**EXERCISE REQUIREMENTS:** Reproduce word for word every line from the one containing "Celine Beige/Black Herringbone" through the end of the listing below; omit the pictures.

**RAW DATA:**
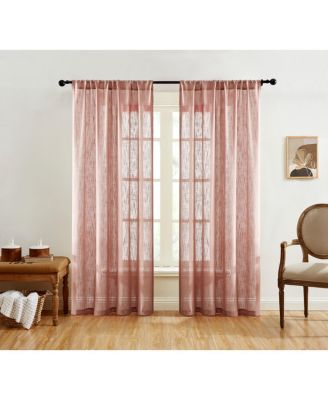 Linda Faux Linen Textured Semi Sheer Privacy Light Filtering Transparent Window Rod Pocket Thick Curtains Drapery Panels, Set of 2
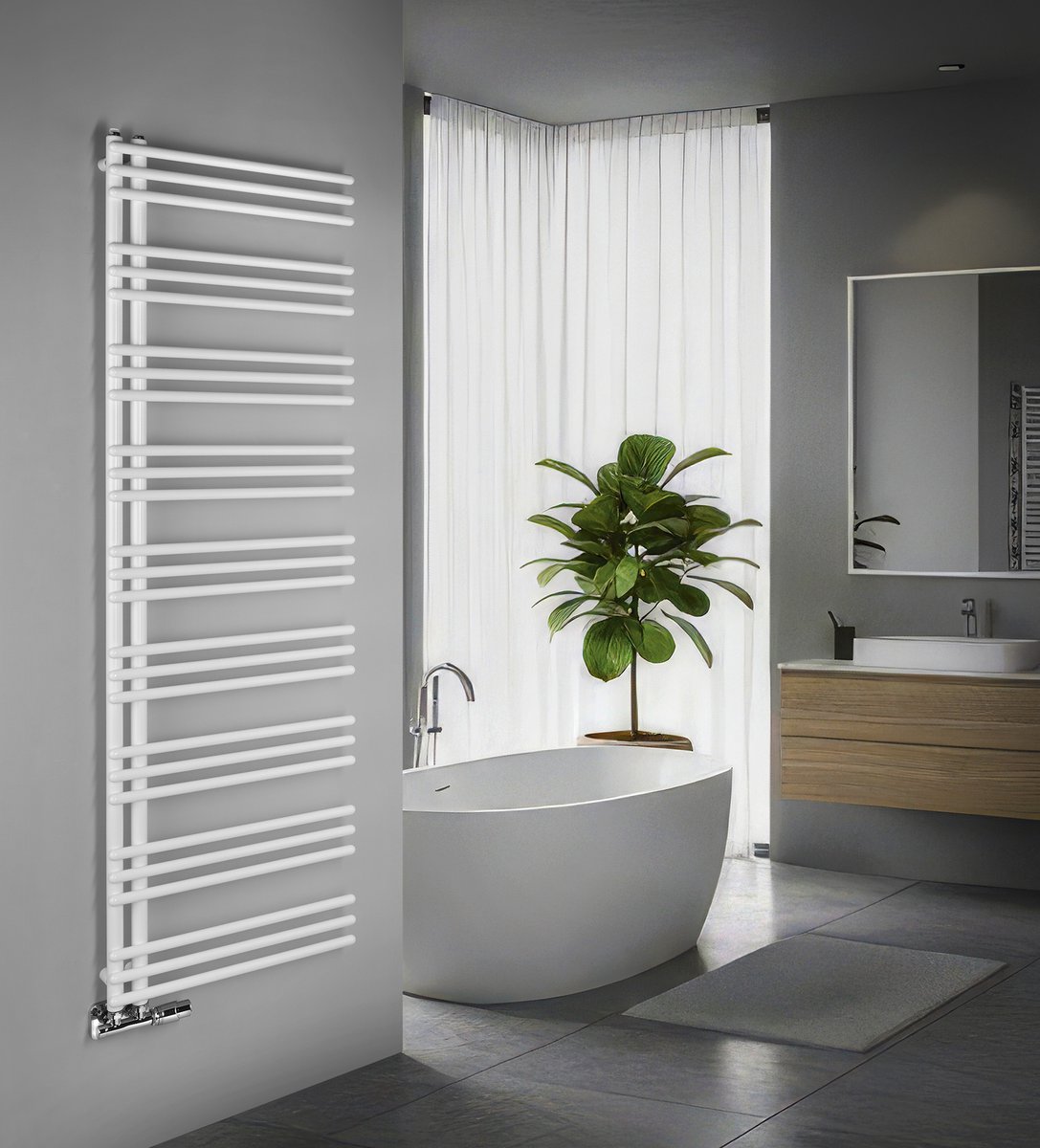 Aqualine POSEIDON otopné těleso 550x1740mm, bílá, v moderní koupelně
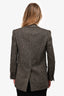 Celine Beige/Black Herringbone Wool Blazer With Gold Sequins Size 34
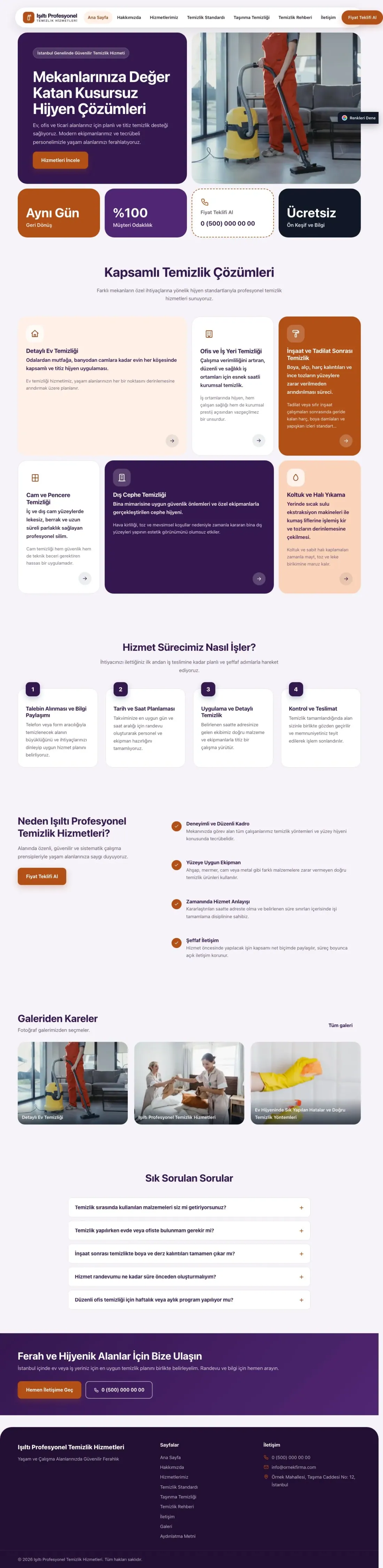 Temizlik için Mozaik Mor Turuncu – Temizlik Web Sitesi ana sayfa görünümü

**RESPONSE TO THE TASK:**
 Celine Beige/Black Herringbone Wool Blazer With Gold Sequins Size 34
 Temizlik için Mozaik Mor Turuncu – Temizlik Web Sitesi ana sayfa görünümü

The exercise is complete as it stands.